The special attack ships are very impressive, take up a larger portion of the screen, roughly twice the size of a standard ship. The three ships are mostly inspired by insects and other Giger-esque creations which gives Psychic Storm a unique aesthetic that stands out from the more generic approach most shoot-'em-ups implement. The other major element comes with the transformable ships, which occur when the player presses the secondary fire button. When this is hit, the action stops for a brief moment and the character lets out a yell. This signifies that the transformation has begun. The action stops for a moment and players are given a quick animation as the ship morphs from standard to enhanced form, which is a fairly interesting feature at first, but quickly becomes an unwelcome interruption that brings the action to a screeching halt.

Emerging from this overly-elaborate animation, the ship is now much larger and more powerful than a standard ship. This makes slicing through enemies much easier and almost painless. Despite the enhanced ships' increased firepower, you aren't immune from their attacks and can still take damage in this state, so you need to be careful. Your much larger size makes it harder to avoid attacks as well. The other major drawback in this mode is that it's time-limited. There's only about 30 seconds available, intiially. There are some power-ups that show up which will increase your timne, but these are limited. You can only use this special attack three times in each stage, which is annoying. It also means that you you need to time the duration and spacing of your attacks effectively in order to do yourself the most good. Going full-blast too soon in a level wastes your power on foes that can easily be dispatched with normal means, while going in too late leaves you vulnerable to attacks that drain your life-force needlessly. Its probably a good idea to save at least one of these for the end-stage boss battles, which provide you at least some leeway in your final battle with the typically large and somewhat impressive foes.
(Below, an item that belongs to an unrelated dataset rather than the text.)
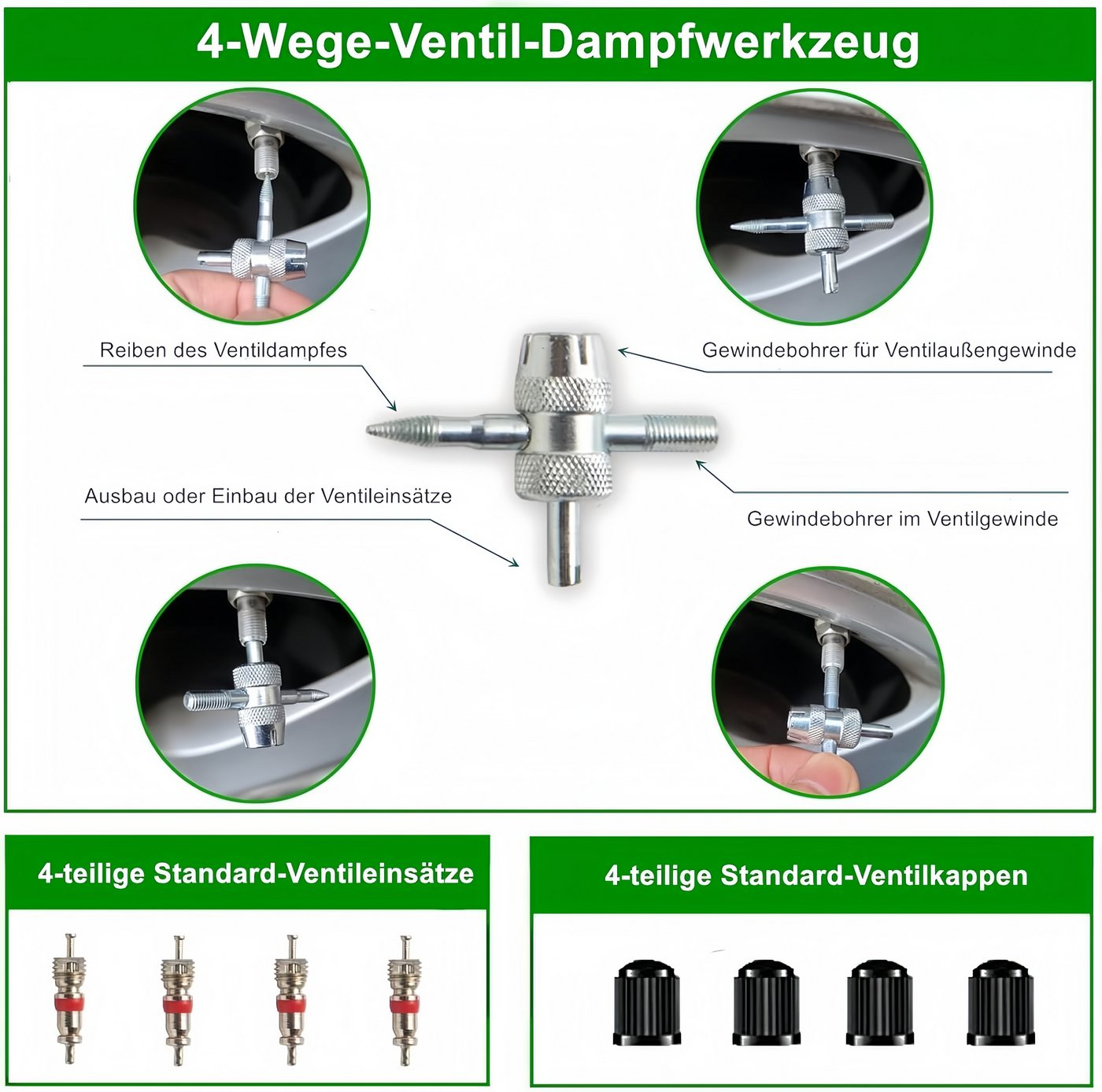 FOUORTUNATE-BEE Reifen-Reparaturset 22-teiliges Reifenreparaturset für Auto, Motorrad und SUV, 22-St., Pannenhilfe-Set zur Reifenreparatur für ATV und Fahrzeuge Bild 3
The game generously offers numerous continues and these can be used to progress quickly through its levels. However, we advise not to get too reliant on them, since losing a life means going back to the beginning of the stage, no matter how far you progress into a level. This can be frustrating at times, but once you get a handle on things, it shouldn't be that much of a problem. While the gimmick of changing into a different ship is cool at first, once the novelty wears off, Psychic Storm offers a solid, yet somewhat pendantic shoot-'em-up experience. An above-average CD soundtrack pulses with a decent energy and helps to give the action some additional momentum, and ther are some fairly good cut-scenes along the way. The controls are fairly decent and there's enough strategy in timing the special-attack modes that keeps things interesting throughout. It lacks some depth in terms of enemy attack formations and the waves of attack are somewhat predictable, but Psychic Storm is still an entertaining and occasionally challenging title. Its probably most notable for its transforming ships, but its solid gameplay mechanics are fairly well-implemented. Despite its short-length and somewhat predictable patterns and formations, there's enough challenge to keep your interest-level high throughout.